• Records supplied
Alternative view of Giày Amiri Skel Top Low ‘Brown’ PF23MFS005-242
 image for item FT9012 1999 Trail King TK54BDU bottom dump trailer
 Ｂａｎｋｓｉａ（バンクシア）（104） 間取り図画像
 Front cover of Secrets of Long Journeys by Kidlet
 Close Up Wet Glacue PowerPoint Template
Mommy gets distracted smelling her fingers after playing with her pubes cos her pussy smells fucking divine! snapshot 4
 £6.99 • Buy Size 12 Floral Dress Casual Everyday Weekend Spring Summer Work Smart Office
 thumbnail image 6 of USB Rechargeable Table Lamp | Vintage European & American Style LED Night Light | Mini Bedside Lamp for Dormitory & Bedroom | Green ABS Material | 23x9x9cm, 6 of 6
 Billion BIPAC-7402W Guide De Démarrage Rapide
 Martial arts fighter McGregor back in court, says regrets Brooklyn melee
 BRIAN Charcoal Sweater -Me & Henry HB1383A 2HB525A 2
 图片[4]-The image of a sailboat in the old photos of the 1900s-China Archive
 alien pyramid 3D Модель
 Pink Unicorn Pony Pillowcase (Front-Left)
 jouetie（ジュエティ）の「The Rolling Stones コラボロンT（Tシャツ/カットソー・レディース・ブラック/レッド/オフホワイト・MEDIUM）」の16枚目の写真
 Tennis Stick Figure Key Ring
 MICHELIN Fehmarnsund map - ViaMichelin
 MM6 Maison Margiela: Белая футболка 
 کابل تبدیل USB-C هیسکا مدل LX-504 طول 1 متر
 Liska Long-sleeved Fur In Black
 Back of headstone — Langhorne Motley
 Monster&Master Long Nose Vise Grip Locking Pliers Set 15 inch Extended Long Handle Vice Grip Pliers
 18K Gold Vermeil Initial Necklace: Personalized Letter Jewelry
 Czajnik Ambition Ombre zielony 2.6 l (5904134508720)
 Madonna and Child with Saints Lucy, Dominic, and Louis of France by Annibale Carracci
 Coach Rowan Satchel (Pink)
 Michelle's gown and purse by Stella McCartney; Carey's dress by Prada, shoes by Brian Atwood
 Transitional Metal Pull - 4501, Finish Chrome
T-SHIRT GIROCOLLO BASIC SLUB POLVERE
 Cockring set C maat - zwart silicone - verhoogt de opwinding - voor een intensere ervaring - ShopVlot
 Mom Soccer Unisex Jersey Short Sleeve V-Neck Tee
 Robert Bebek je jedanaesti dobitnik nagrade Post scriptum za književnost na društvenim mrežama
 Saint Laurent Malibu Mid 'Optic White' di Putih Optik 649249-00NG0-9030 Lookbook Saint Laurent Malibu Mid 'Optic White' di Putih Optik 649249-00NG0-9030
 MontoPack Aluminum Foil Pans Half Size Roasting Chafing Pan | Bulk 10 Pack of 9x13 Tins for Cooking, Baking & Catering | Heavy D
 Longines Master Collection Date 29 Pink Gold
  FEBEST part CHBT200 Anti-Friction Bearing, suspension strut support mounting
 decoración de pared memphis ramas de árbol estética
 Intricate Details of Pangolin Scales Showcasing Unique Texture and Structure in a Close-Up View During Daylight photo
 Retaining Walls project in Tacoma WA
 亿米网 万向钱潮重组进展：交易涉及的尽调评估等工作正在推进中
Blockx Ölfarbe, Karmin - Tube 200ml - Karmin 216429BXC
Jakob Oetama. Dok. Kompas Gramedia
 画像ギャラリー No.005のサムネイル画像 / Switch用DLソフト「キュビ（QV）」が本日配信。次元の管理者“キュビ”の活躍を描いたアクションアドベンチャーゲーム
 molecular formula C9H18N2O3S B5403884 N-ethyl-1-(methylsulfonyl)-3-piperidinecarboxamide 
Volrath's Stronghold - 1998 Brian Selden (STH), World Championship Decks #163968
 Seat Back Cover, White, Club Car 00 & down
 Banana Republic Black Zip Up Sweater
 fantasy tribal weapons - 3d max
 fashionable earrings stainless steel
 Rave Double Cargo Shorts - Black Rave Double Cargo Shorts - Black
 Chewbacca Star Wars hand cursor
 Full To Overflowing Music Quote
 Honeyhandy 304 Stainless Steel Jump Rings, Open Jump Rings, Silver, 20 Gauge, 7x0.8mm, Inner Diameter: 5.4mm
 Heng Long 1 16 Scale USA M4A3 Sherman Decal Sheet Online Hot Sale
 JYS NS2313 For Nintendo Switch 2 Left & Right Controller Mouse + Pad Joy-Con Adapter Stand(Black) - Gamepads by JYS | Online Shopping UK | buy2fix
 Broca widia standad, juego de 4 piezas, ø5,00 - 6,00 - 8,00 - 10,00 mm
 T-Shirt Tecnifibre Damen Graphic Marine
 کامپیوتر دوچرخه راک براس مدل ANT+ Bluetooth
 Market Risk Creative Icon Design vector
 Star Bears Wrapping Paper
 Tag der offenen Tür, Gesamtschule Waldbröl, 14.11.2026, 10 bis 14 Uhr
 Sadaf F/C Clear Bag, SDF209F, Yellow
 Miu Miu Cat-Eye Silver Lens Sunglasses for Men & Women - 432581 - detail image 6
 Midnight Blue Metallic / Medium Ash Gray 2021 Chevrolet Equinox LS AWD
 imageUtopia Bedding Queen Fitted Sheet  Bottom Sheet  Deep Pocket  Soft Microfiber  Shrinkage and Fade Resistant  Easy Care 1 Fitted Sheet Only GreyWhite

• Work to be completed
Reproduce verbatim the lines above, from the line with "FEBEST part CHBT200" through the line with "Intricate Details of".

• Your response
  FEBEST part CHBT200 Anti-Friction Bearing, suspension strut support mounting
 decoración de pared memphis ramas de árbol estética
 Intricate Details of Pangolin Scales Showcasing Unique Texture and Structure in a Close-Up View During Daylight photo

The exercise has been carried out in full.